Micrometroids are a known danger of space operations, and tackling them is not at all new to scientists; the International Space Station and the Hubble Space Telescope are among the long-running programs that are still operational despite occasional space rock accidents. However, Webb’s orbit at Lagrange 2 point one million miles (1.5 million kilometers) away from Earth can change the risk profile considerably.

Webb engineers first detected deformations in the primary mirror during the start-up period during the alignment phase (or wavefront detection), which put the 18 segments of the hexagonal mirror in the best position for capture light.

These first six strikes met pre-launch speed expectations as they reached a rate of once a month, according to the report. In addition, some of the resulting deformations are correctable by mirror realignments. But it is the magnitude of one of these six attacks that caused the most concern, the document noted, as it caused a major stain in a segment known as C3. The strike in late May “caused a significant incorrigible change in the overall figure for this segment,” the report states.

In this case, however, the overall impact on the mission is small “because only a small part of the telescope’s area was affected.” Seventeen mirror segments remain spotless and engineers were able to realign Webb segments to account for most of the damage.

Jupiter and its moon Europa, on the left, are seen through the 2.12 micron filter of the James Webb Space Telescope’s NIRCam instrument. (Image credit: NASA, ESA, CSA and B. Holler and J. Stansberry (STScI))

Engineers are still modeling how often these events will occur. “It is still unclear whether the May 2022 coup in the C3 segment was a rare event,” the team wrote.

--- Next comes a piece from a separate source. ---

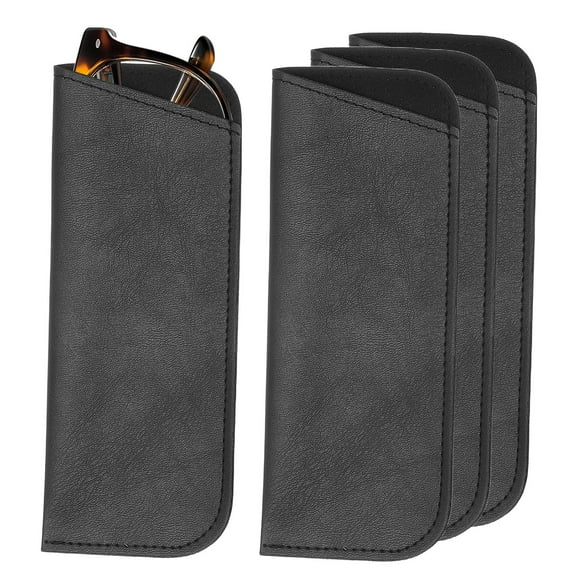 Uxcell 4Pcs Soft Eyeglass Cases, Leather Sunglass Case Portable Glasses Pouch for Women Men Sunglasses Cases Black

For “rare,” they said they may have a high-energy impact that statistically should only happen once every few years.

Alternatively, Webb may be “more susceptible to micrometeoroid damage than pre-launch modeling predicted,” the team wrote. Modeling is underway to estimate the dangerous micrometeoroid population and find remedies, such as restricting the target direction.

One remedy could be to minimize the amount of time Webb points directly at its orbital direction, “which statistically has higher micrometeoroid rates and energies,” the team wrote.

The performance of the main mirror is evaluated by how much it deforms starlight, according to Astronomy magazine (opens in a new tab) and is measured using what scientists call the average square root of wavefront error . When Webb’s mission began, the affected C3 segment had a wavefront error of 56 nanometers rms (average square root), which was in line with the other 17 parts of the mirror.

After impact, however, the error increased to 258 nm rms, but realignments of the mirror segments as a whole reduced the overall impact to only 59 nm rms. For now, the team wrote that Webb’s alignment is within performance limits, as the realigned mirror segments are “about 5-10 nm rms above the best rms values ​​of front-end error.” previous wave “.

For now, engineers are watching for possible future dust-generating events, such as 2023 and 2024, when Webb is expected to fly through particles left by Comet Halley, according to Nature (opens in a new tab ).

NASA’s meteorological environment office at the Marshall Space Flight Center in Huntsville, Alabama is modeling the impact risk for Halb-associated Webb. NASA officials have also stressed during recent media conferences that the micrometeroid problem has its full attention, Nature added.